Requirement
Without the pictures, give the entries below again exactly as written.

Caption-style text data:
● ● ● ● ●
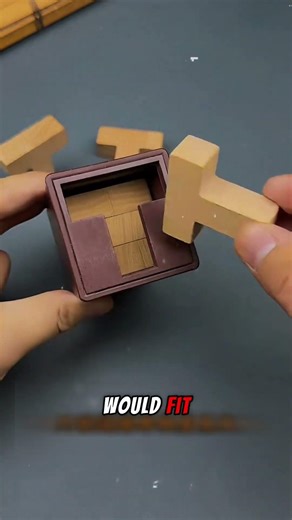 Try To Solve This Smart Puzzle 💡🧠 #SmartPuzzle #BrainPuzzle #IQTest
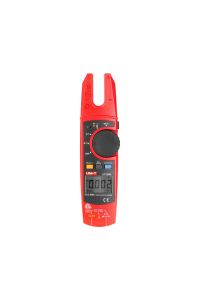 Obrázok pre Clamp Meter (Open Clamp) Model UT256B 200A True RMS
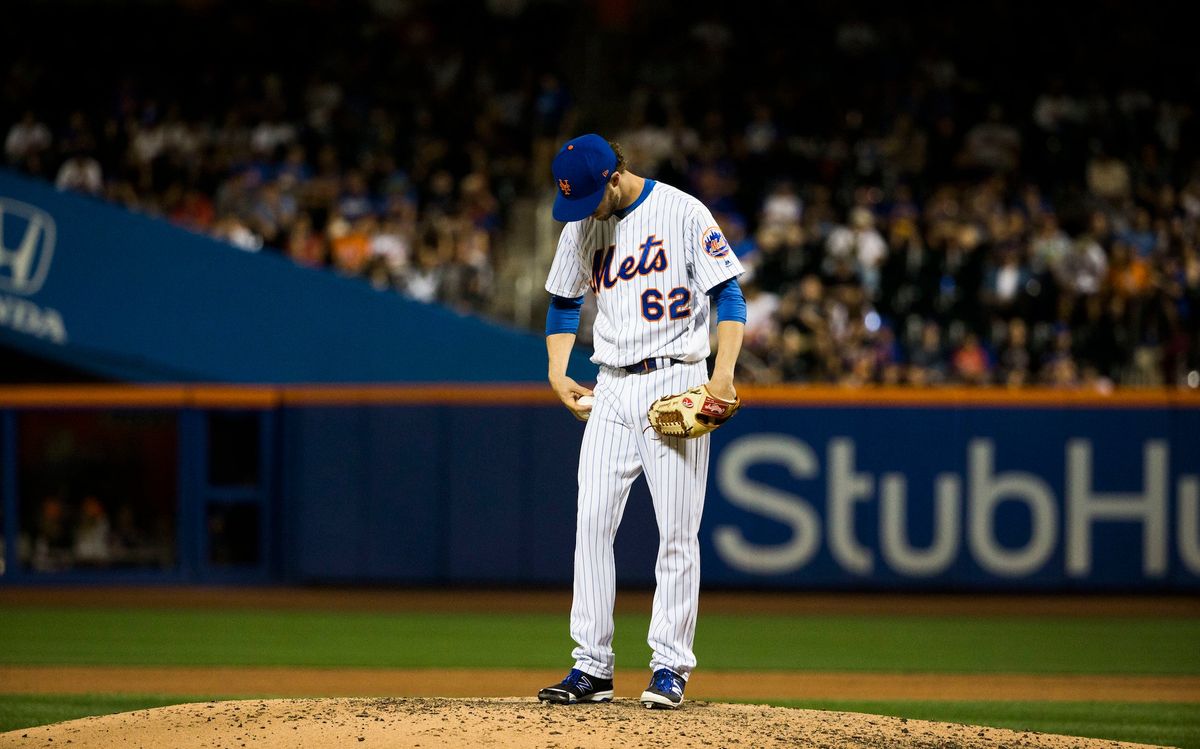Michael Noble Jr./AP Photo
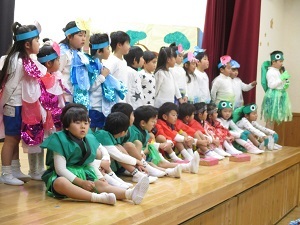 8IMG_3793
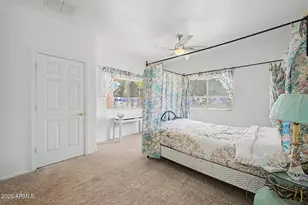 15603 W Ironwood St, Surprise, AZ 85374 - Photo 16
● ● ● ● ●
Result of this task
 Try To Solve This Smart Puzzle 💡🧠 #SmartPuzzle #BrainPuzzle #IQTest
 Obrázok pre Clamp Meter (Open Clamp) Model UT256B 200A True RMS
Michael Noble Jr./AP Photo
 8IMG_3793
 15603 W Ironwood St, Surprise, AZ 85374 - Photo 16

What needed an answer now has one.